** REQUIRED ACTION **
The answer is the exact run of lines in the listing below from the line containing "At the end of" up to and including the line containing "Long interior row", with pictures removed.

** TASK DATA **
+++++

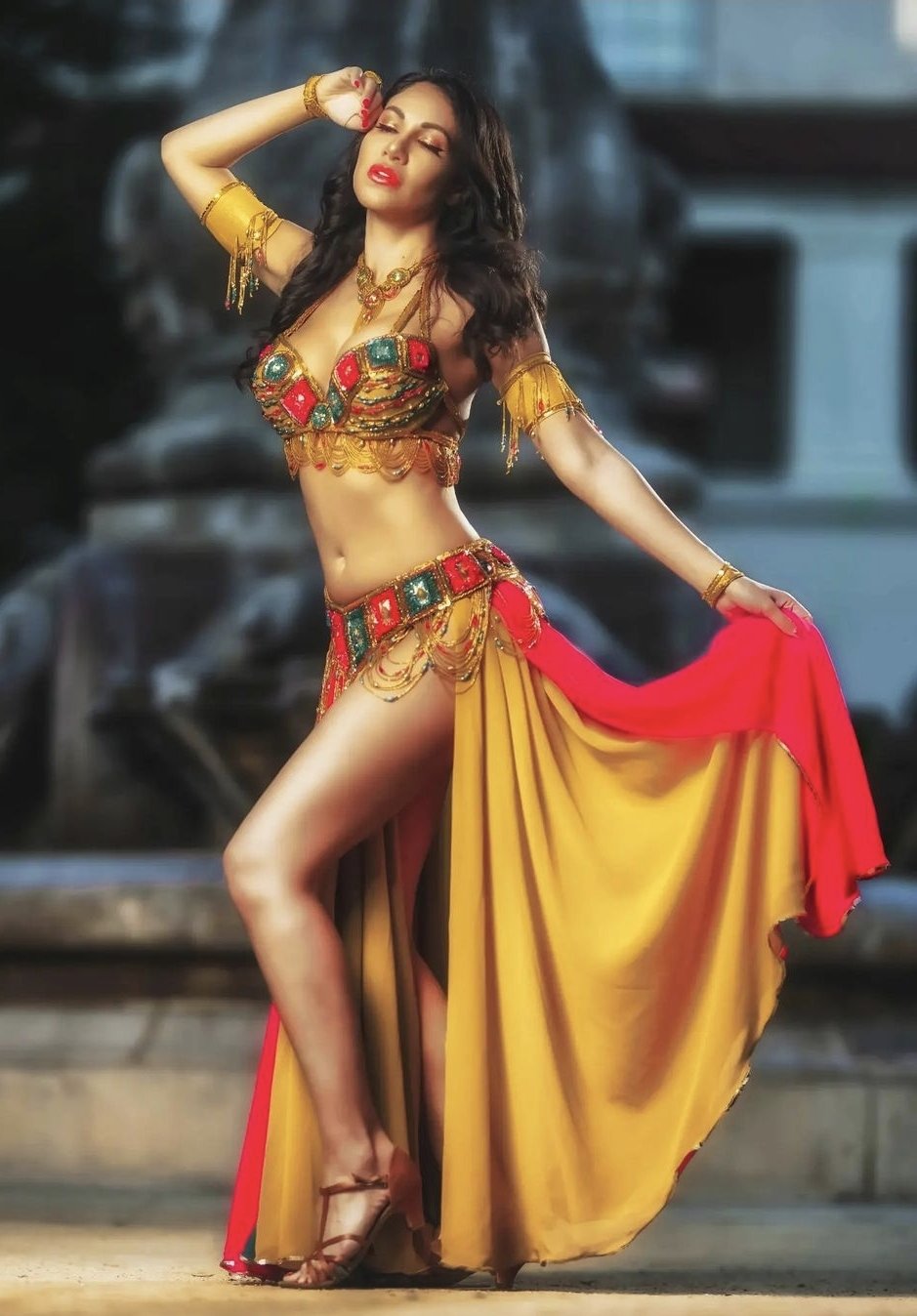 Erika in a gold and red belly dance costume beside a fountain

+++++

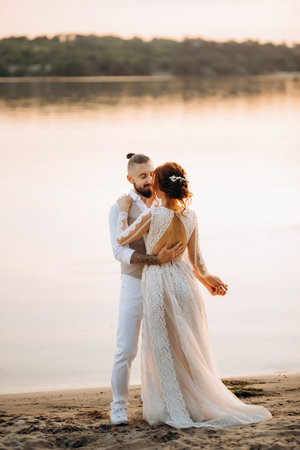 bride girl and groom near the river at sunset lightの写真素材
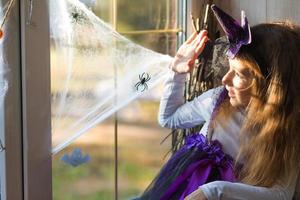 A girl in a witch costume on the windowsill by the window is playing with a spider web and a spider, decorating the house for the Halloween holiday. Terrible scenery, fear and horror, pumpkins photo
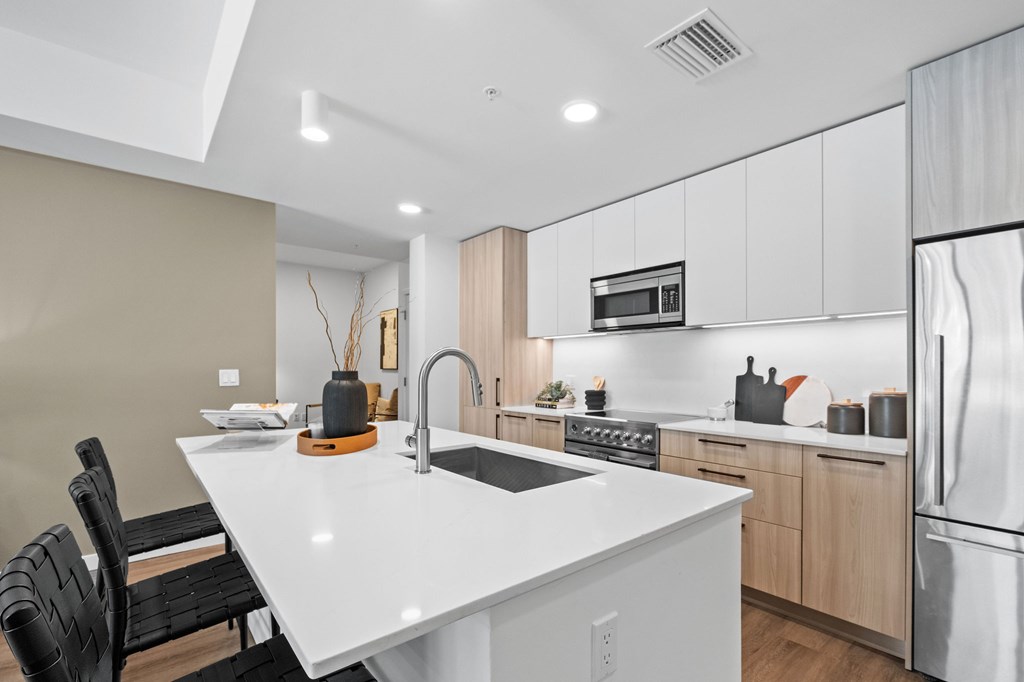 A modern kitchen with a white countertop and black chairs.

+++++

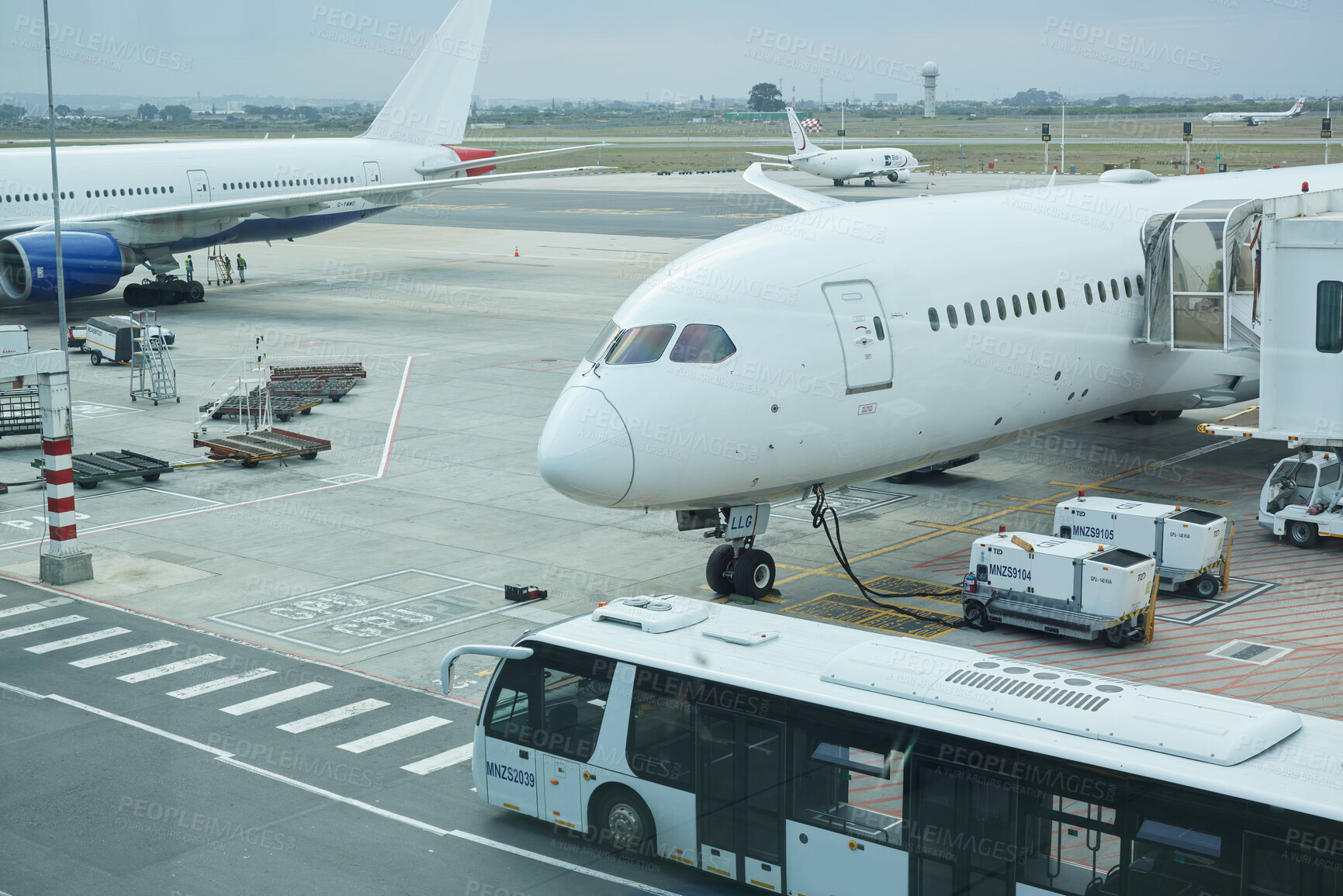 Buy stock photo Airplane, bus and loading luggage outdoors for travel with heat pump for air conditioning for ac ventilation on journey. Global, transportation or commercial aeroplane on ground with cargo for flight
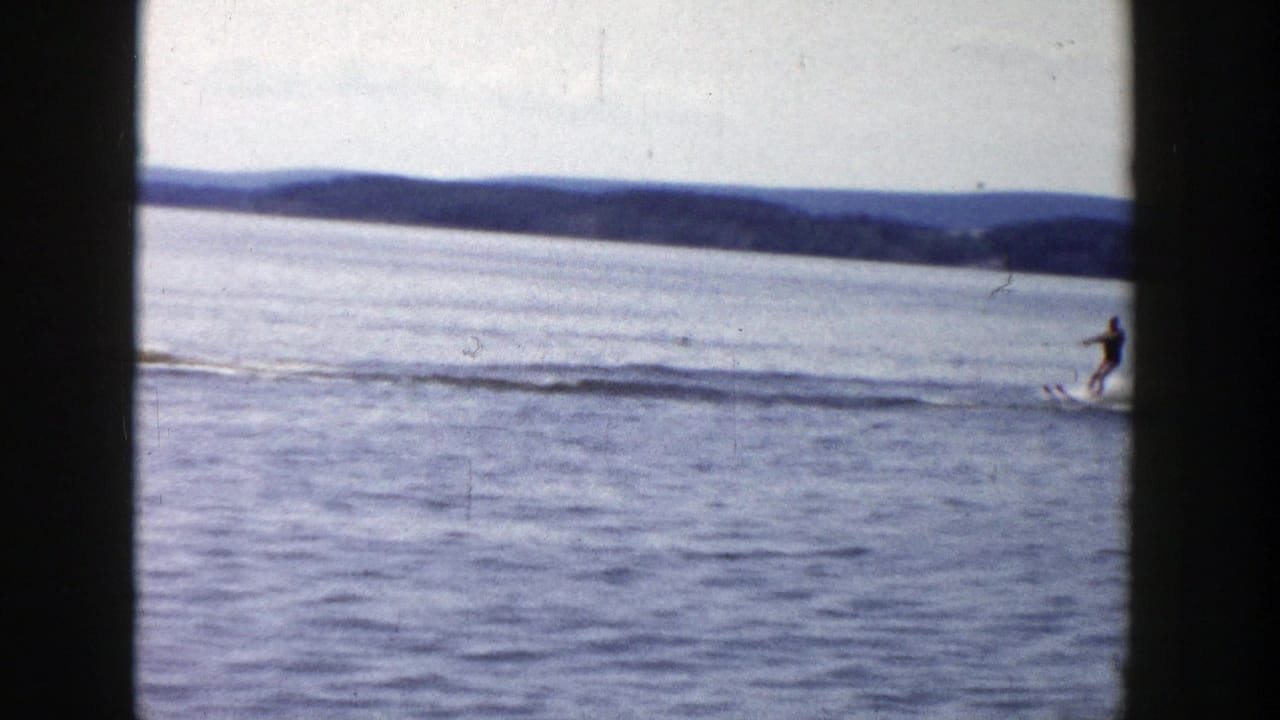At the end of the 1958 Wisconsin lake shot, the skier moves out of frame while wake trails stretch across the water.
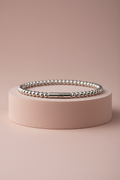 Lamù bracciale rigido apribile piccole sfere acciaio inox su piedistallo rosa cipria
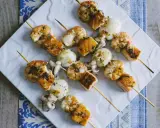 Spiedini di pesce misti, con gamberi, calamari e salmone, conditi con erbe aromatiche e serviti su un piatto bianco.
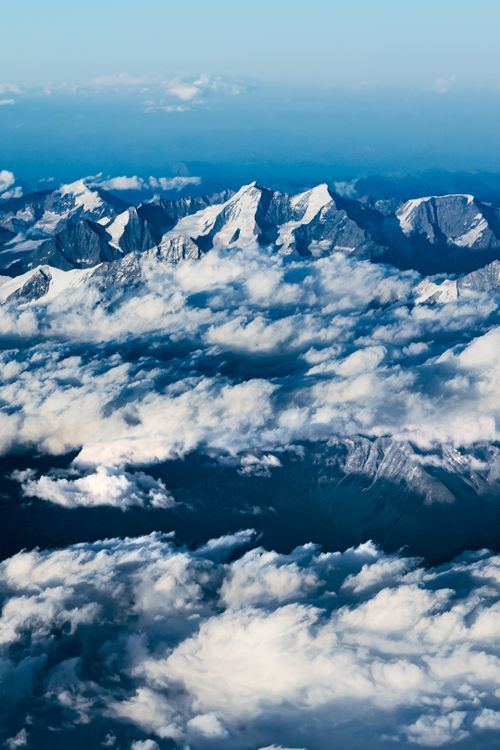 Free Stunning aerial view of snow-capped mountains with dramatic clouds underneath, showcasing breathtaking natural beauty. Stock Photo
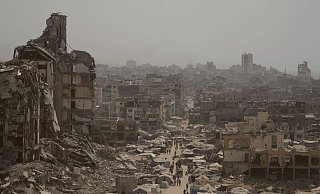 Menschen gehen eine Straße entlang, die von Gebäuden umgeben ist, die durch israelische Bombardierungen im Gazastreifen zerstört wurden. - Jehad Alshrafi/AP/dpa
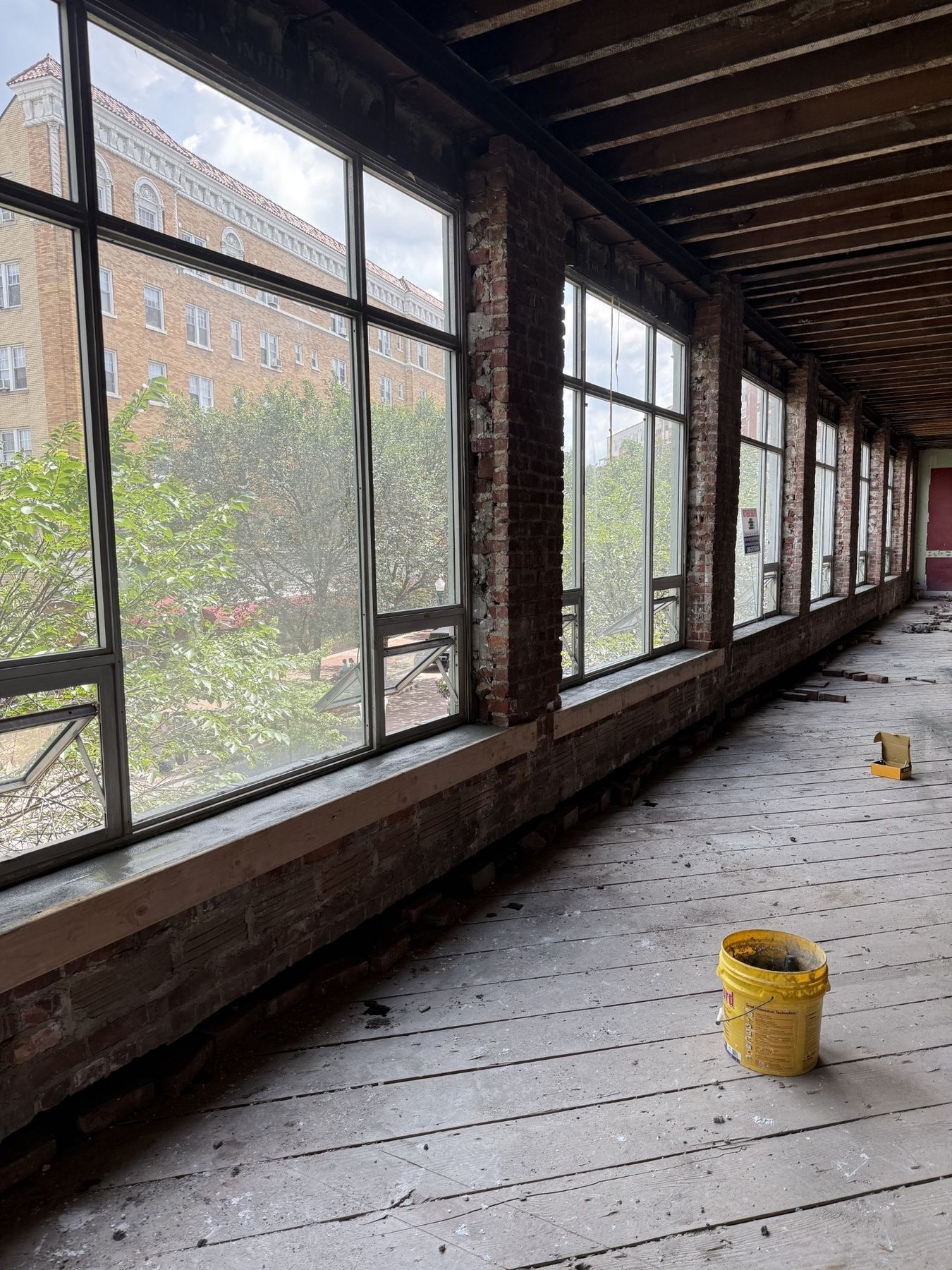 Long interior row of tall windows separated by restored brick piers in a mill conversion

+++++

** RESPONSE AREA **
At the end of the 1958 Wisconsin lake shot, the skier moves out of frame while wake trails stretch across the water.
 Lamù bracciale rigido apribile piccole sfere acciaio inox su piedistallo rosa cipria
 Spiedini di pesce misti, con gamberi, calamari e salmone, conditi con erbe aromatiche e serviti su un piatto bianco.
 Free Stunning aerial view of snow-capped mountains with dramatic clouds underneath, showcasing breathtaking natural beauty. Stock Photo
 Menschen gehen eine Straße entlang, die von Gebäuden umgeben ist, die durch israelische Bombardierungen im Gazastreifen zerstört wurden. - Jehad Alshrafi/AP/dpa
 Long interior row of tall windows separated by restored brick piers in a mill conversion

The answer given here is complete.